As Colin left, her grandfather dropped back into his chair. “Claire’s family—the Pecks—were avid art collectors. Her grandfather Peck started their collection when he bought a few paintings in Europe after the war. Claire’s parents donated several valuable works during their good days, then sold off almost everything when they were hurting for cash. There was a rumor that she took the last of their collection—pieces they couldn’t, or just didn’t, sell—with her when she headed East.”

“Did they burn, too?” Emma asked.

“That’s what everyone assumed. If they didn’t and they’re depicted in this missing Jack d’Auberville painting…” Her grandfather rubbed his temples, as if his head ached. “It was all a long time ago, Emma.”

“Don’t worry, Granddad. The Maine police, FBI and Lucas are on this thing.” The Irish police now, too, Emma thought, hearing them on the stairs. She moved from the window. “This priest you saw. Could it have been Finian Bracken of Bracken Distillers?”

He sat up straight, clearheaded. “Do you know him?”

Emma kept any emotion out of her tone. “He’s Colin’s friend. What do you know about him?”

“Bracken Distillers was started seventeen years ago by the twin Bracken brothers. They were just kids, in their early twenties. Then Finian’s wife and two daughters died in a terrible sailing accident off the southwest coast.” He glanced at his granddaughter. “It’s been six or seven years. You were with the sisters then.”

Emma touched a bruise she noticed forming on the right side of his face. “Did Father Bracken do this to you?”

“Father Bracken?”

“He’s a priest now.”

“Of all things,” her grandfather said.

“He’s serving the church in Rock Point, but I doubt he’s there right now.”

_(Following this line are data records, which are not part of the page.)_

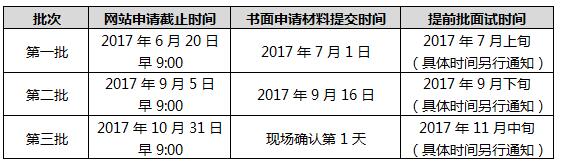 天津大學(xué)2018年MBA提前面試時間及流程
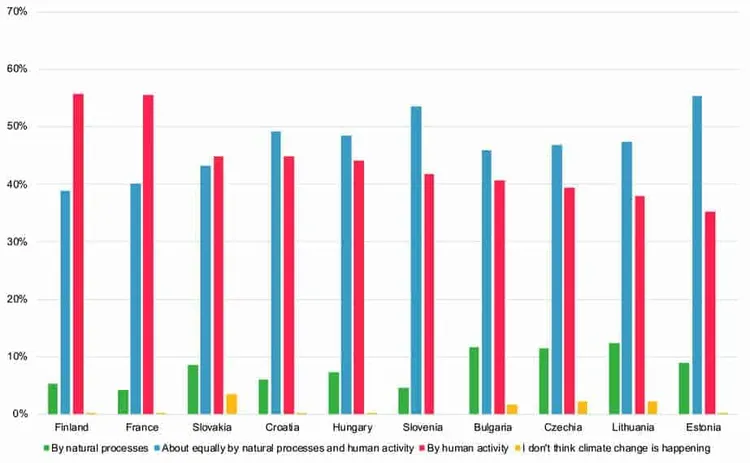 Bar chart of views on the cause of climate change (%) in ten countries, 2020–22: natural, human, both or not happening.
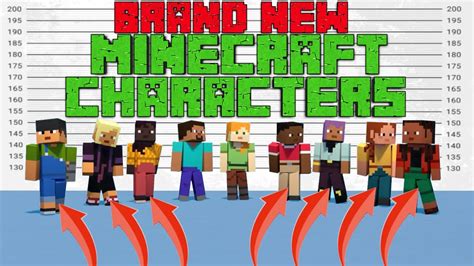 Minecraft Youtube Characters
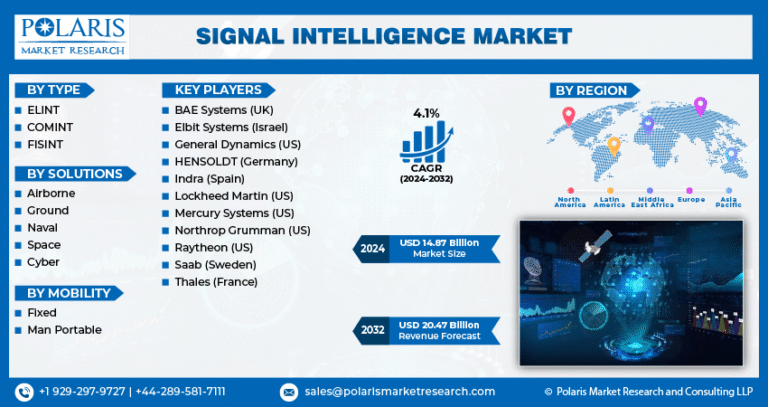 Signals Intelligence Market Anticipated to Grow to $20.47 Billion by 2032 | CAGR: 4.1%
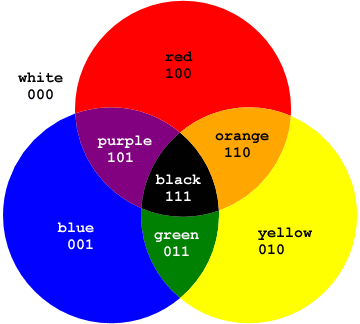 Color wheel and secondary colors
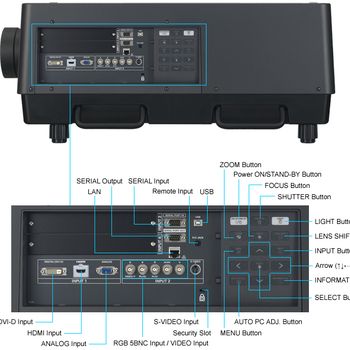 ویدئو پروژکتور XGA پاناسونیک PANASONIC PT-EX16K 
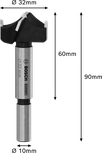 Tolles Produkt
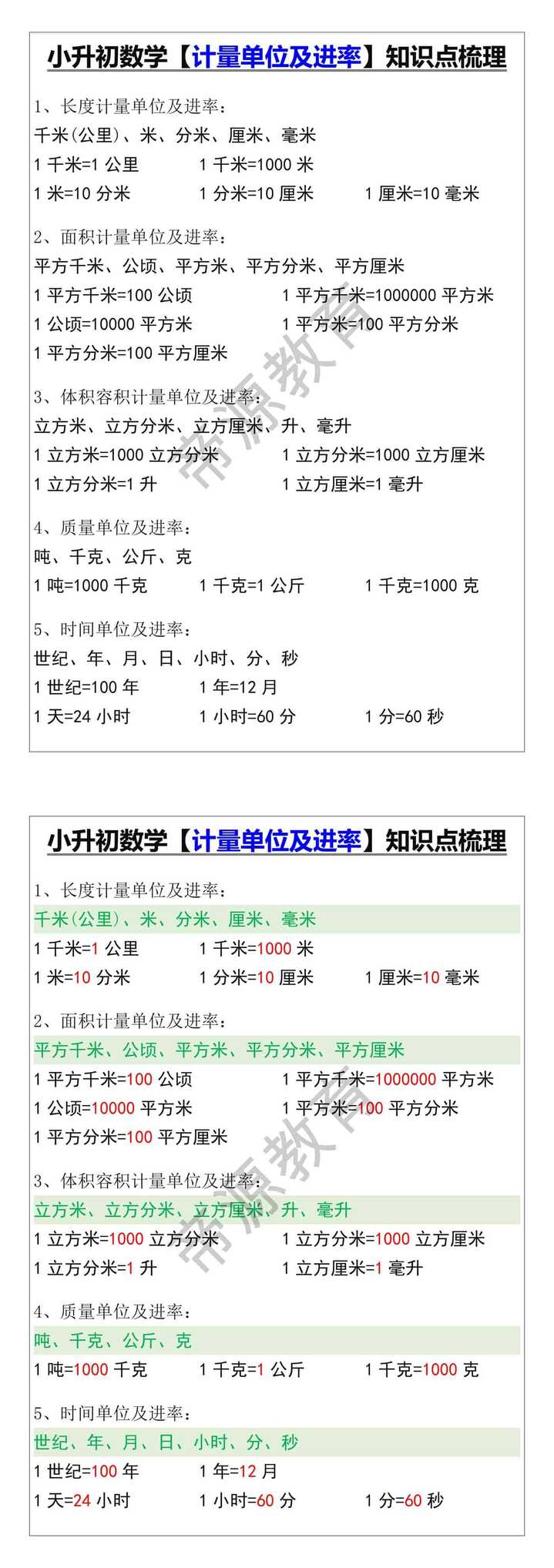 小升初数学【计量单位及进率】知识点梳理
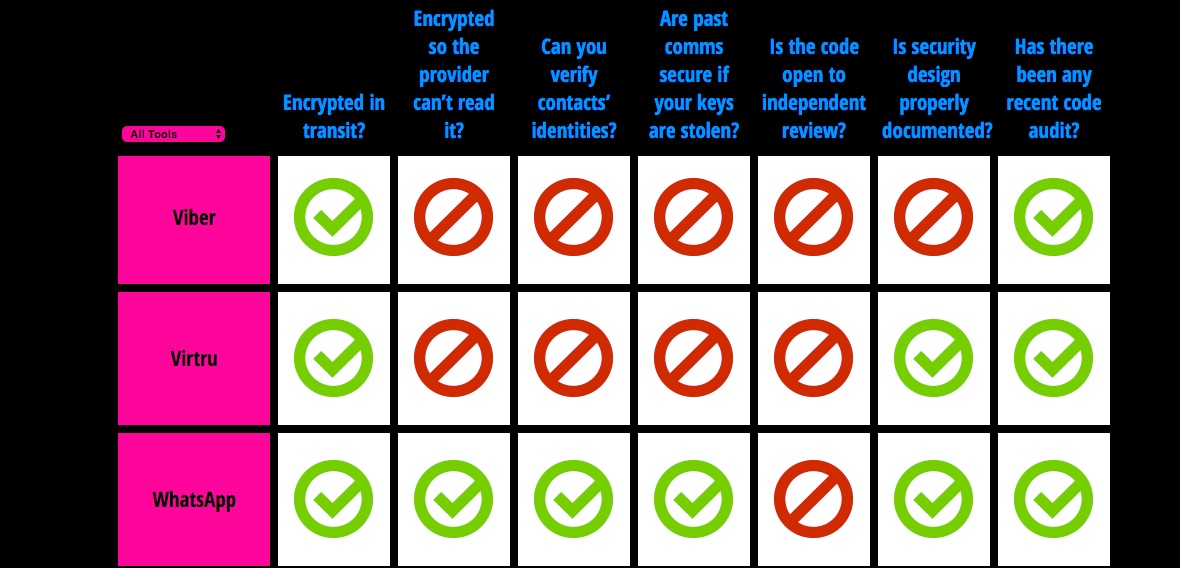 Secure_Messaging_Scorecard___Electronic_Frontier_Foundation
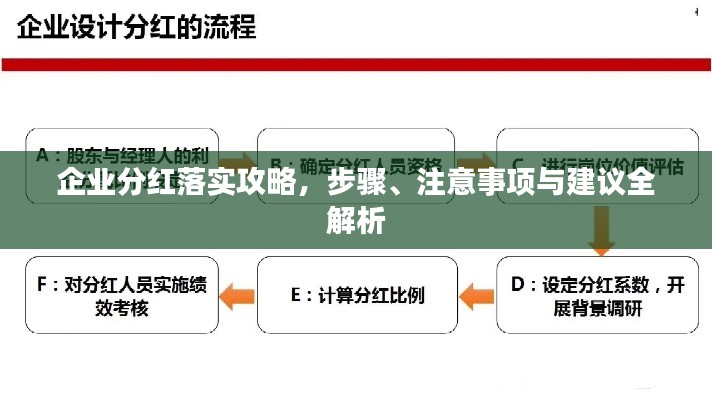 企業分紅落實攻略，步驟、注意事項與建議全解析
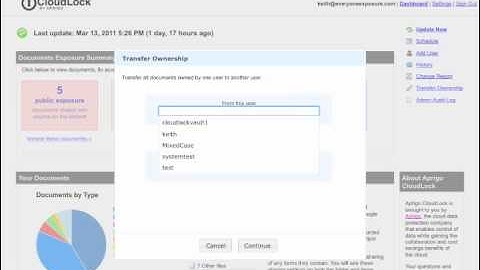 CloudLock for Google Apps - Data Protection For Google Docs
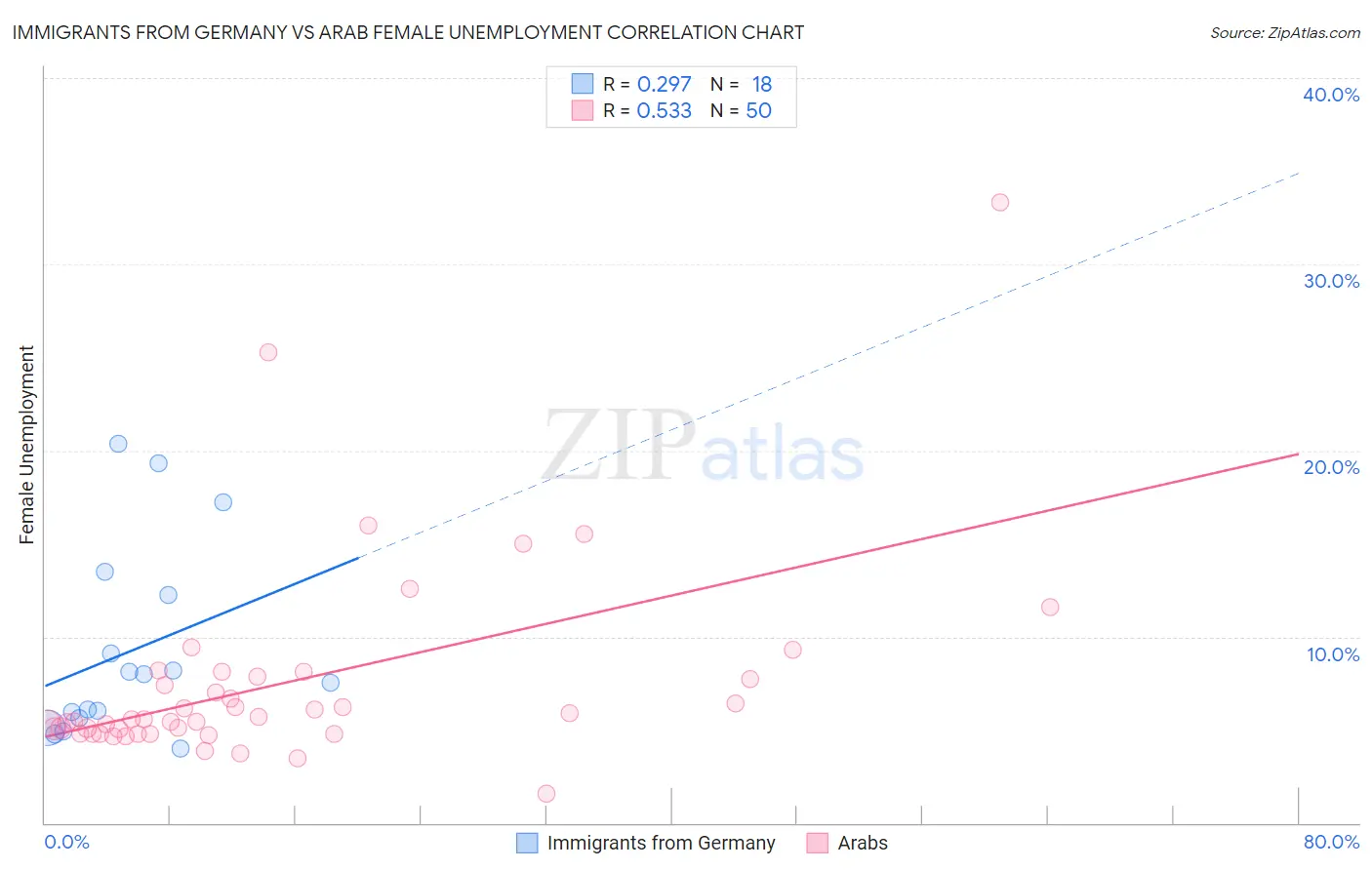 Immigrants from Germany vs Arab Female Unemployment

“I don’t know who attacked me, Emma. I wish I did.”

The guards arrived. Two uniformed officers entered the small office.

Colin wasn’t with them. He hadn’t gone to meet them. He’d given them all the slip.

A ghost, Emma thought. If she and her grandfather kept their mouths shut, the guards would never know he was there. Either way, they would never catch up with him.